My hands—my hands then poor and witherèd—
By its glory will be made to gold;
Slowly its kiss will glide, profound and bright,
For the last time upon my mouth and head;
And the flowers of my eyes, pale yet bold,
Before they close, shall render back its light.

Sun, I loved your strength and clarity, indeed!
My sweet and fiery poems at their height
Have held you captive in the heart of them;
Like field of wheat that surges in the might
Of summer wind my words exalted you.
Oh sun, who bring to birth and flower the stem,
Oh immense friend, of whom our pride has need,
In that so grave, imperious hour and new,
When my old heart sadly endures the test,
Be you still its witness and its guest!




XXV


Clasped about my neck and harbouring my breast,
Ah your so dear hands now and their slow caress,
When I tell you, in the evening, how my strength
Grows leaden day by day with weight of feebleness!

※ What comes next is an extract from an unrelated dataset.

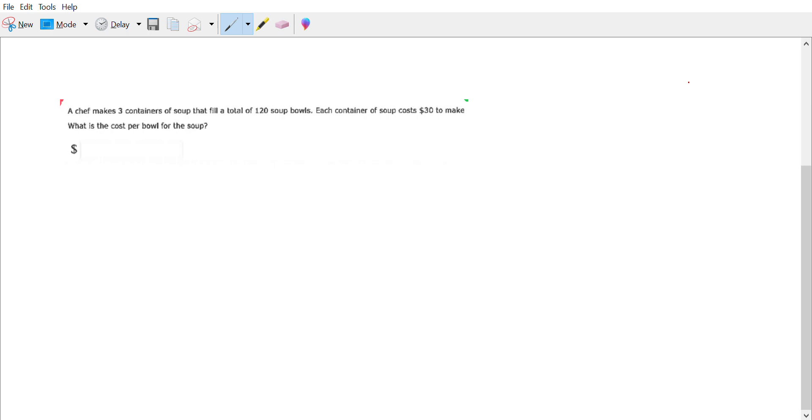A chef makes three containers of soup that fill a total of 120 soup bowls. Each container of soup costs $30 to make. What is the cost per bowl of soup? Okay, so we got quite a few ratios we have to set up here.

You wish it not that 1 become shadow and ruin
Like all those who obey the gloomy night's behests,
Though it be with laurel in their mournful hands
And glory sleeping in their hollow breasts.

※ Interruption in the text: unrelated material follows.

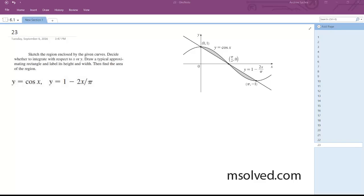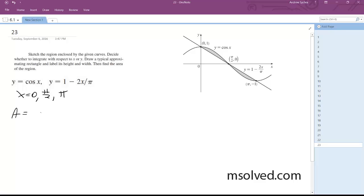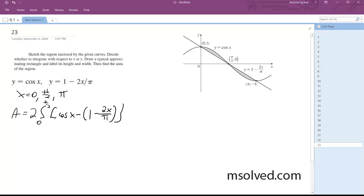So with this one, the intersection points are going to be x is equal to zero, pi over two, and pi. But we're only going to do one of them, so we're going to do zero to pi over two. Otherwise, below the y-axis is going to nullify it and we won't get anything, so we'll just double up. So we'll have A is equal to two times the integral from zero to pi over two of cosine x minus one minus two x over pi, dx.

Ah how time's harsh law is softened by your love
And how your lovely dream disconsolate tears would stem;
For the first and only time you nurse with lies
My heart that finds excuse and gives you thanks for them.

Which, however, knows all ardour is in vain
Against what is and all that must be in the strife,
And that perhaps there is profounder happiness
To end thus in your eyes my lovely human life.




XXVI


When you shall close these eyes of mine to light,
Oh kiss them long—for all that love afire
May hope to give they shall have given you
In that last look of ultimate desire.

Beneath the moveless glow of candle light,
Oh lean to them your face so fain and brave
That on them be impressed this sight alone
That they shall keep forever in the grave.